_Problem to work on:_
Once you have read the listing, output it exactly and completely.

_Material for this task:_
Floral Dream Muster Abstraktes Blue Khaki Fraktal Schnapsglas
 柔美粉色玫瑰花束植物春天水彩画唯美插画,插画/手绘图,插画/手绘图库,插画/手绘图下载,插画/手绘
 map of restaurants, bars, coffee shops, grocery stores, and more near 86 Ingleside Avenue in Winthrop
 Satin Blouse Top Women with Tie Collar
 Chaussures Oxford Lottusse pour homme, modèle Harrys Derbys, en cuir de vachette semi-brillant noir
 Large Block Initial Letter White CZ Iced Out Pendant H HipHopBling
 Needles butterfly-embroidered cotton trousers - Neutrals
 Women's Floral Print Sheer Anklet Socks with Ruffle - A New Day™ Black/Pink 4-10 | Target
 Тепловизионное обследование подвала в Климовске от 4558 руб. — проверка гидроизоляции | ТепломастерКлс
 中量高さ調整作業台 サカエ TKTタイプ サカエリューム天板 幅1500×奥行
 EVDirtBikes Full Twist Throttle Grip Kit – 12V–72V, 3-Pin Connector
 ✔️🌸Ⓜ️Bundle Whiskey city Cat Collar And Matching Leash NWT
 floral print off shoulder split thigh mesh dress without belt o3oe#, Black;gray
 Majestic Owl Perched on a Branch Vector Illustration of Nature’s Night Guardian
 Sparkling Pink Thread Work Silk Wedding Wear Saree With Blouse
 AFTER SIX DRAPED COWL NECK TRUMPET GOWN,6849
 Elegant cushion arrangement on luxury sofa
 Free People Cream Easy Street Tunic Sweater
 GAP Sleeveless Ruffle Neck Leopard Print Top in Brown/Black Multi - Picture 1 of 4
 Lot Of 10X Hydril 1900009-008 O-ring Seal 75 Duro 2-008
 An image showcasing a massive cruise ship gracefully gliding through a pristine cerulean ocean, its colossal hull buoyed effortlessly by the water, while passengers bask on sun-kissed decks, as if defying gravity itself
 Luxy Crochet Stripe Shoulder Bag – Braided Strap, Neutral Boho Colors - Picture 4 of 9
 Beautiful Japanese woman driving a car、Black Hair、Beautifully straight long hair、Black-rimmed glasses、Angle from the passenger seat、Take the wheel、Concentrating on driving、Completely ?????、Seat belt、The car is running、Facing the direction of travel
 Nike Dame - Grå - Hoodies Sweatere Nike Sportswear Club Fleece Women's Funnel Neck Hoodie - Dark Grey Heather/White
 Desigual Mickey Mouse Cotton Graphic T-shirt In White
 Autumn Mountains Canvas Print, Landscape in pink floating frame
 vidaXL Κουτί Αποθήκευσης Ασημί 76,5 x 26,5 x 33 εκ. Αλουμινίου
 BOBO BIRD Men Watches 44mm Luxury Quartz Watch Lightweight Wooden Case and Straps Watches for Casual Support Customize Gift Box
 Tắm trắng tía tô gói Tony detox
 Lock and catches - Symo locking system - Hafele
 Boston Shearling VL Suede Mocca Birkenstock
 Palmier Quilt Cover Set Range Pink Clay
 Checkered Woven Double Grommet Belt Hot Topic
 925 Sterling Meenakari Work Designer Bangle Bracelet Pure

_Result for this task:_
Floral Dream Muster Abstraktes Blue Khaki Fraktal Schnapsglas
 柔美粉色玫瑰花束植物春天水彩画唯美插画,插画/手绘图,插画/手绘图库,插画/手绘图下载,插画/手绘
 map of restaurants, bars, coffee shops, grocery stores, and more near 86 Ingleside Avenue in Winthrop
 Satin Blouse Top Women with Tie Collar
 Chaussures Oxford Lottusse pour homme, modèle Harrys Derbys, en cuir de vachette semi-brillant noir
 Large Block Initial Letter White CZ Iced Out Pendant H HipHopBling
 Needles butterfly-embroidered cotton trousers - Neutrals
 Women's Floral Print Sheer Anklet Socks with Ruffle - A New Day™ Black/Pink 4-10 | Target
 Тепловизионное обследование подвала в Климовске от 4558 руб. — проверка гидроизоляции | ТепломастерКлс
 中量高さ調整作業台 サカエ TKTタイプ サカエリューム天板 幅1500×奥行
 EVDirtBikes Full Twist Throttle Grip Kit – 12V–72V, 3-Pin Connector
 ✔️🌸Ⓜ️Bundle Whiskey city Cat Collar And Matching Leash NWT
 floral print off shoulder split thigh mesh dress without belt o3oe#, Black;gray
 Majestic Owl Perched on a Branch Vector Illustration of Nature’s Night Guardian
 Sparkling Pink Thread Work Silk Wedding Wear Saree With Blouse
 AFTER SIX DRAPED COWL NECK TRUMPET GOWN,6849
 Elegant cushion arrangement on luxury sofa
 Free People Cream Easy Street Tunic Sweater
 GAP Sleeveless Ruffle Neck Leopard Print Top in Brown/Black Multi - Picture 1 of 4
 Lot Of 10X Hydril 1900009-008 O-ring Seal 75 Duro 2-008
 An image showcasing a massive cruise ship gracefully gliding through a pristine cerulean ocean, its colossal hull buoyed effortlessly by the water, while passengers bask on sun-kissed decks, as if defying gravity itself
 Luxy Crochet Stripe Shoulder Bag – Braided Strap, Neutral Boho Colors - Picture 4 of 9
 Beautiful Japanese woman driving a car、Black Hair、Beautifully straight long hair、Black-rimmed glasses、Angle from the passenger seat、Take the wheel、Concentrating on driving、Completely ?????、Seat belt、The car is running、Facing the direction of travel
 Nike Dame - Grå - Hoodies Sweatere Nike Sportswear Club Fleece Women's Funnel Neck Hoodie - Dark Grey Heather/White
 Desigual Mickey Mouse Cotton Graphic T-shirt In White
 Autumn Mountains Canvas Print, Landscape in pink floating frame
 vidaXL Κουτί Αποθήκευσης Ασημί 76,5 x 26,5 x 33 εκ. Αλουμινίου
 BOBO BIRD Men Watches 44mm Luxury Quartz Watch Lightweight Wooden Case and Straps Watches for Casual Support Customize Gift Box
 Tắm trắng tía tô gói Tony detox
 Lock and catches - Symo locking system - Hafele
 Boston Shearling VL Suede Mocca Birkenstock
 Palmier Quilt Cover Set Range Pink Clay
 Checkered Woven Double Grommet Belt Hot Topic
 925 Sterling Meenakari Work Designer Bangle Bracelet Pure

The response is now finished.